1.2 Robinsonades in General
If people were dropped on a distant island, what kind of experiences would they have? Numerous novels have tried to answer this question. Such novels are called Robinsonades, after Daniel Defoe’s Life and Strange Surprising Adventures of Robinson Crusoe (1719). Crusoe, owner of several plantations, shipwrecks but can escape death by living on an island, where he keeps a journal in order to remain sane and converses with God. He soon becomes a skilled craftsman. When he discovers cannibals, he debates with himself his right to interfere with the customs of another race, but finally decides to do so, and succeeds in their conversion to Christianity. At last, Crusoe is rescued. Arriving home, he finds he has become rich in the meanwhile. So his hard labour and his trust in God have been awarded adequately. As to the number of people, savages, food or the lack of it, the experiences on the island may vary in the Robinsonades. Common to all of them are the exclusion from civilisation and the struggle with some sort of difficulties, mostly a fight with savages or tempests. Often missionary work is involved. In Robert Michael Ballantyne’s Coral Island (1857), Ralph, Jack, and Peterkin, three young Britons, are wrecked on an island. There, as Ralph narrates, they go through several adventures such as rescuing natives from cannibals. Never are they troubled by quarrels among themselves, nor by existential fears or any doubts. Being ‘Britons’ –a term they use in a self-congratulatory way- and Christians, they always behave well and civilised, pray regularly, and even convert part of the cannibals to Christianity. On the whole, they are totally convinced of their doing right.
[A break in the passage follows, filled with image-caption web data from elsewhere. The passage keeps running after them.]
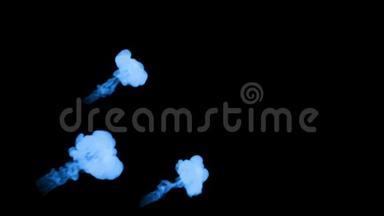 蓝色辉光墨水溶于水的三维渲染，模拟墨水注入，VFX效果与Luma哑光。 黑色7号蓝色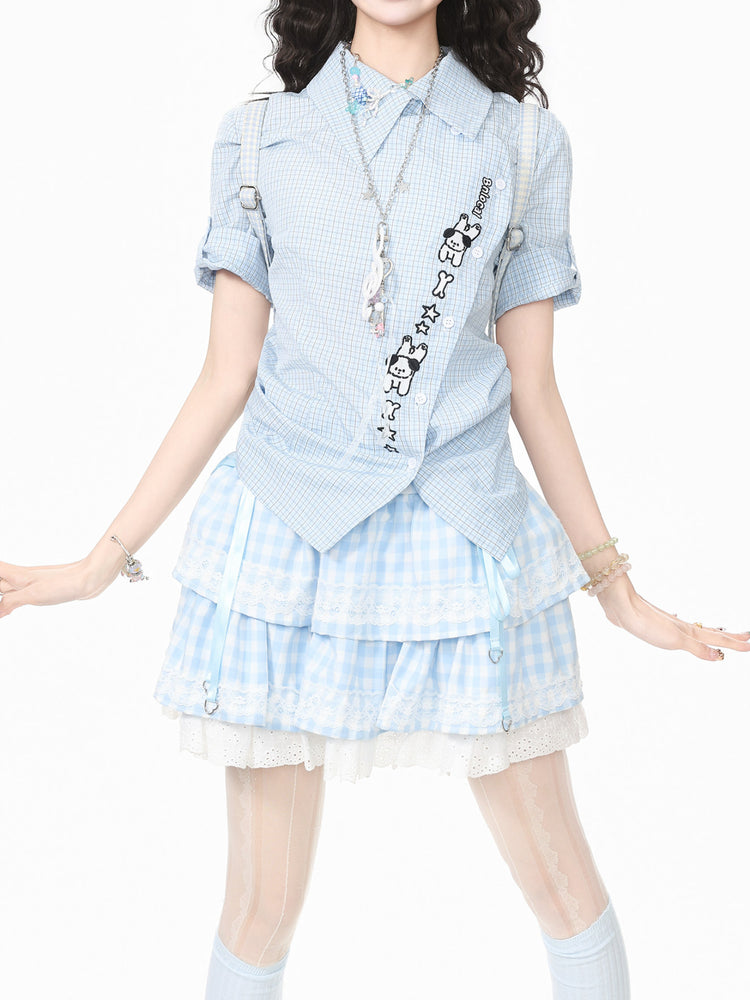 Puppy Peppy Plaid Shirts-Tops-ntbhshop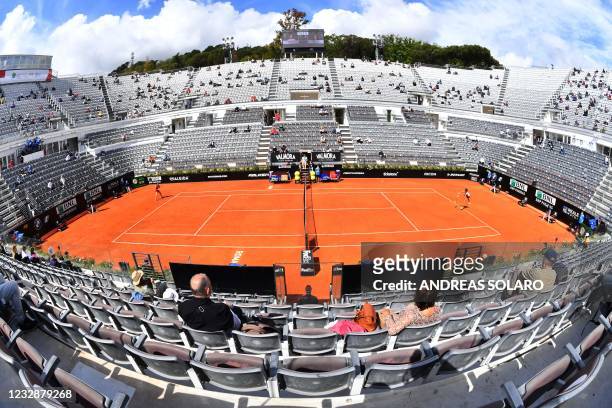 Photo shows a general view of the central field at Foro Italico in Rome during the Women's Italian Open tennis match opposing Croatia's Petra Martic...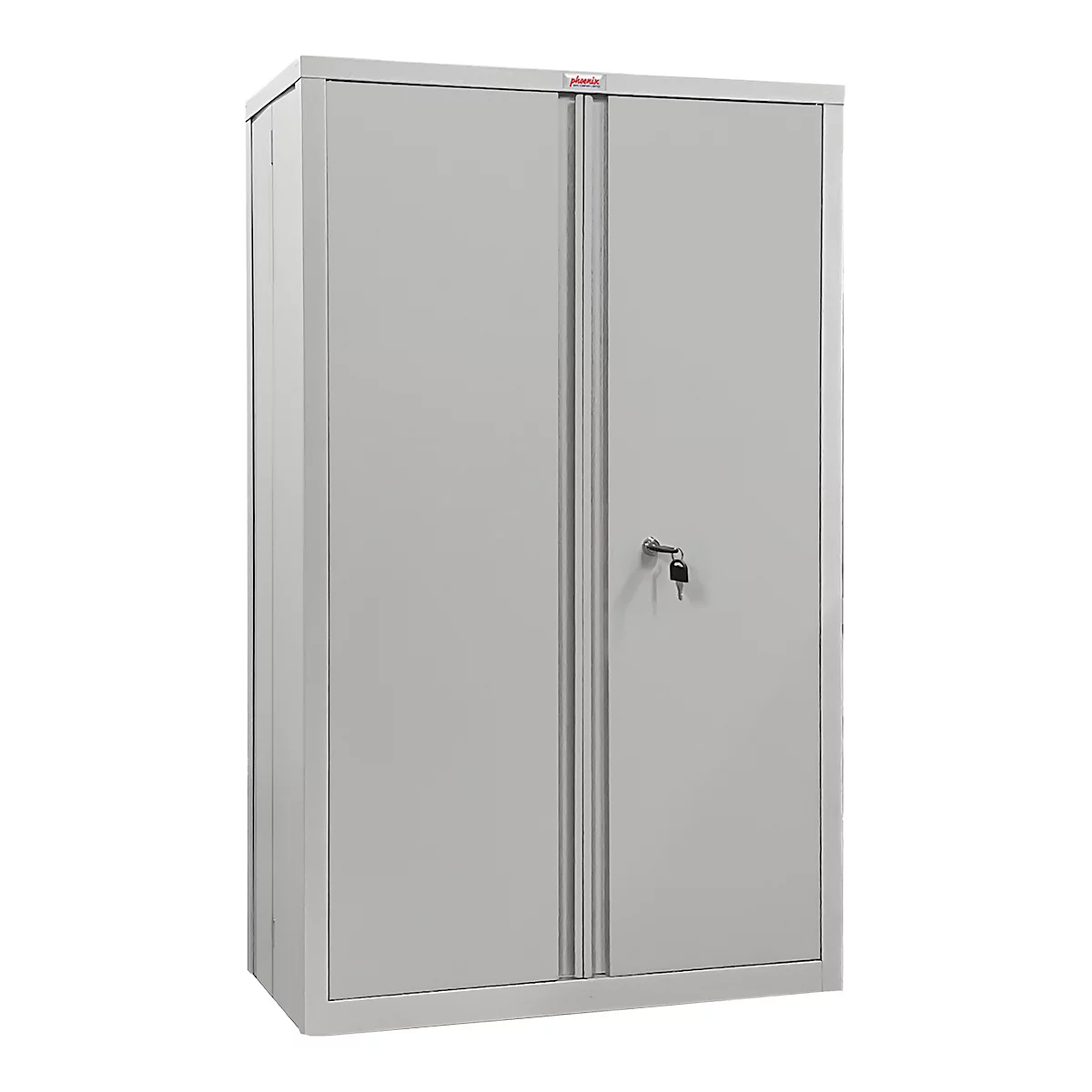 Grijze metalen kast met dubbele deuren en een sleutel.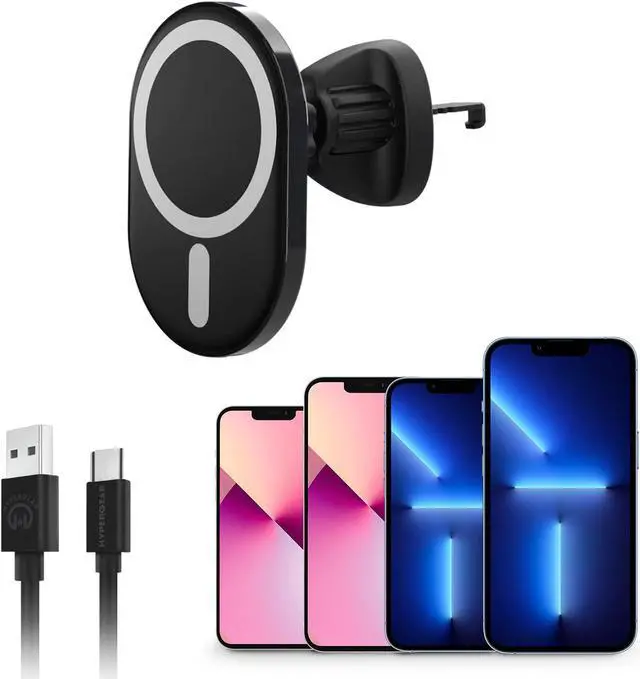 Alt view image 3 of 4 - HyperGear 15W MagVent MagSafe Wireless Car Charger - Black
The rest of the tribe is converted by the three boys’ rescuer, an English missionary. Coral Island, written “at the height of Victorian smugness, ignorance, and prosperity”, as Golding puts it (Turck 10), clearly shows the Victorian self-assessment: Britons, having experienced a Christian upbringing, are safe from sin and free from evil. Not only by mentioning Coral Island explicitly does Golding include Lord of the Flies in the tradition of the Robinsonades. This paper will show parallels of Lord of the Flies to other Robinsonades and especially to Coral Island. In chapter 2.4 I will come back to Golding’s use of parallels and contrast.